# Lotus ?



## rjwolfe3 (Mar 10, 2009)

*Lotus Question*

I am going to be purchasing a Lotus kit from CSUSA.  I will be replacing the factory nib with one from Lou.  Do I need to buy the fountain kit or can I use the rollerball kit since I am replacing the nib?


----------



## ldb2000 (Mar 10, 2009)

Rob you need the Front section from the FP for the nib and feed holder and the FP grip .


----------



## texasfootball21 (Mar 10, 2009)

It would be best to go with the FP kit, you will still need the feed and grip, even if you do not use the provided nib.


----------



## rjwolfe3 (Mar 10, 2009)

K cool thanks.


----------



## texasfootball21 (Mar 10, 2009)

Good luck with the pen, hope it turns out well.


----------



## rjwolfe3 (Mar 10, 2009)

Me too - first one I've made.  First time with Amboyna burl as well.  The nib will be a custom ground calligraphy nib.  This is for my favorite customer.  She all ready owns many of my pens.


----------



## texasfootball21 (Mar 10, 2009)

If you have return customers you must be talented. Its a great feeling when a customer comes back for more, she must really find your art very special. 

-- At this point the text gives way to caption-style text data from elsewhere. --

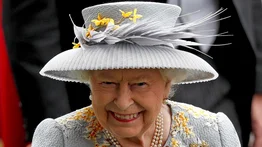Reina Isabel II "encantada" con el nacimiento de su bisnieta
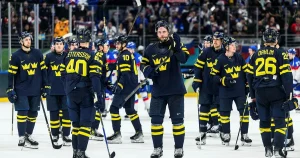 Vinna eller försvinna för Tre Kronor: ”Aldrig enkelt mot Lettland”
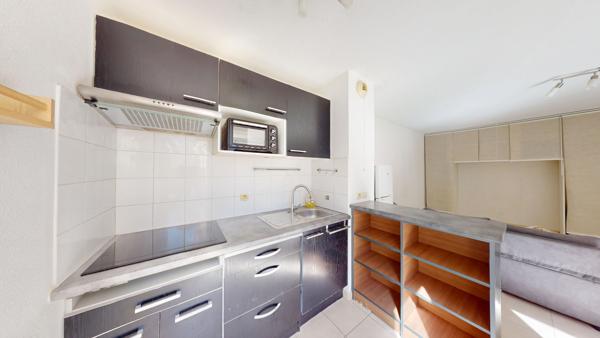 Appartement à vendre 225 320 € Saint-Laurent-du-Var 2 p 44,6 m² DPE C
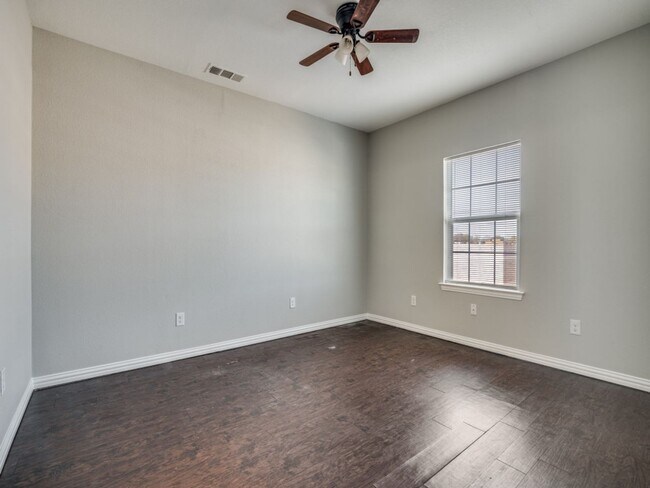 Building Photo - Jewel St- Duplex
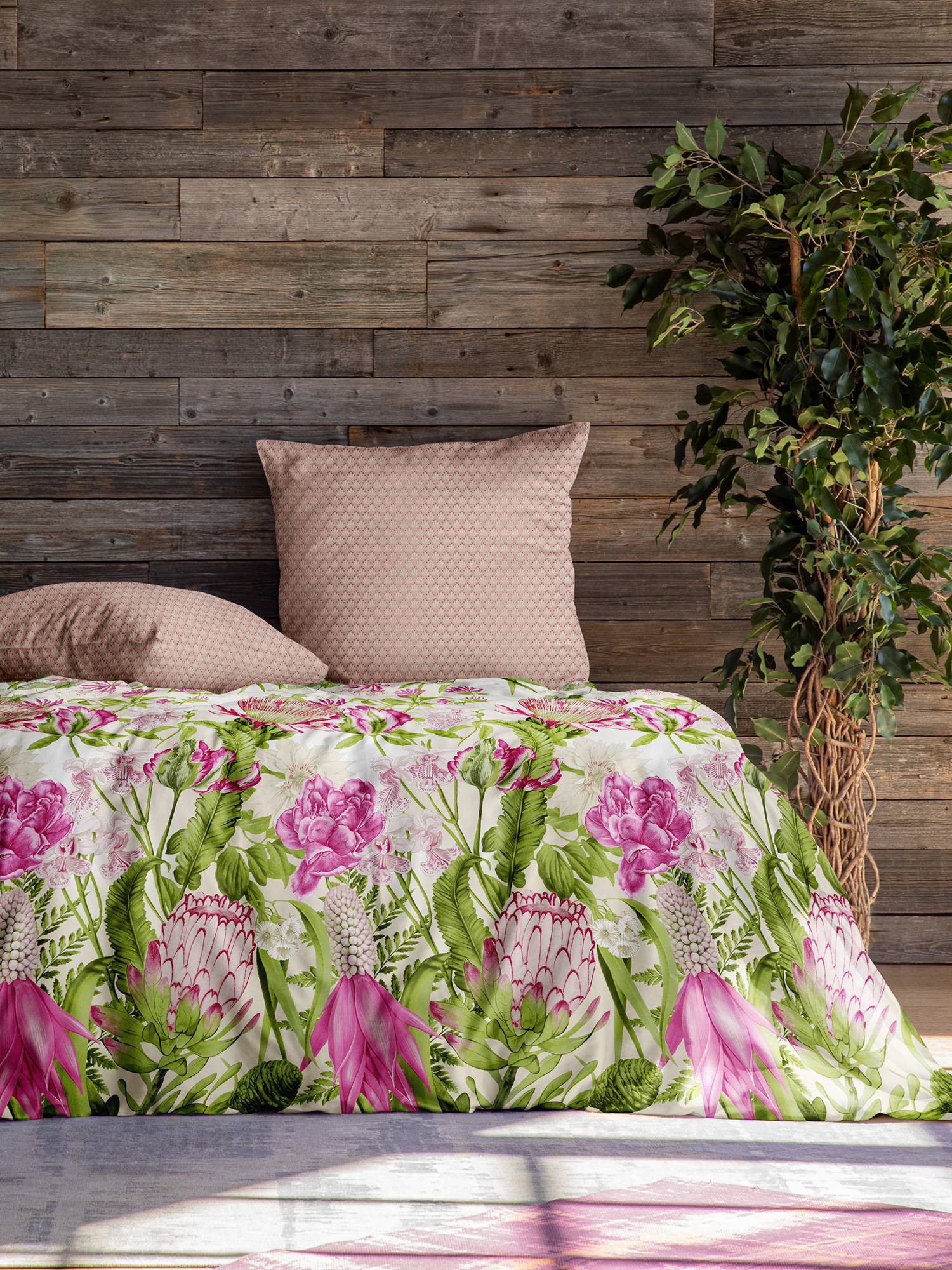 Наволочки гобеленовые с ирисами. Подушка в подарок. Постельное персики etel. Полотенце розы 3 d авангард. Марту текстиль.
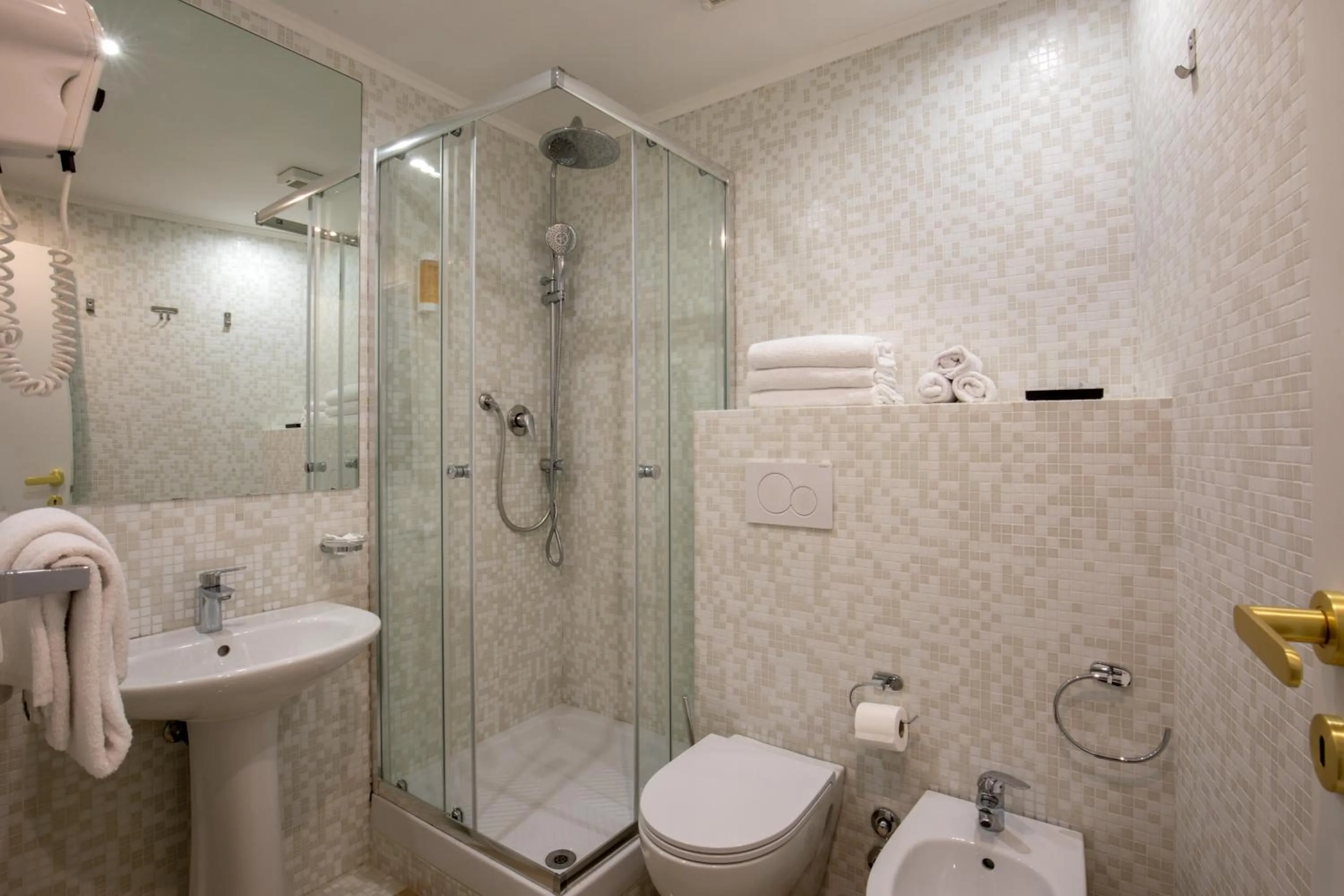 Shower in Amalia Suites by Remember Rome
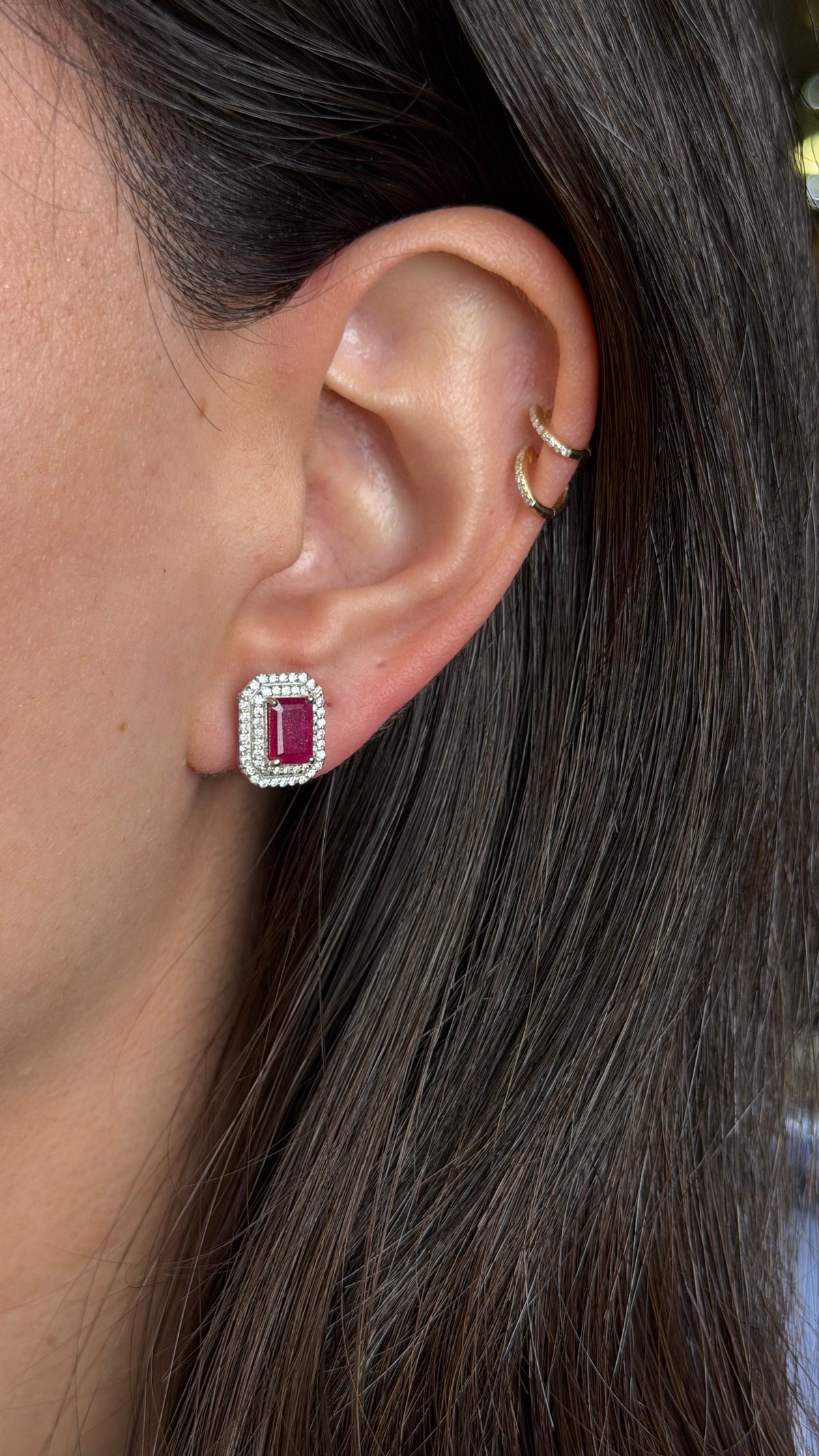 R0126 - Studs rubí con doble halo de diamantes grande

Sounds like quite a custom order. Would love to see the pen posted when you finish, I'm sure your client will love it.


----------



## JohnU (Mar 11, 2009)

Looking forward to seeing it Rob.  Ive yet to make a FP too but kicking the idea around. Keep us posted.


----------



## amosfella (Mar 11, 2009)

the tapered part of the lotus rollerball does not unscrew.  The fountain pen is necessary.  Unfortunately for your pocketbook.  
The only other way would be to buy the nibs, feeds, and grips seperately.  If someone wanted to do a group buy from dayacom, the days of buying the overpriced fountain pen models would be over......


----------



## chriselle (Mar 15, 2009)

texasfootball21 said:


> If you have return customers you must be talented. Its a great feeling when a customer comes back for more, she must really find your art very special.
> 
> Sounds like quite a custom order. Would love to see the pen posted when you finish, I'm sure your client will love it.



I'll second that.  Reminds me of the group of ladies that drop by my shop every other week to check out what's new.  
  I'd like to see that pen, too.


----------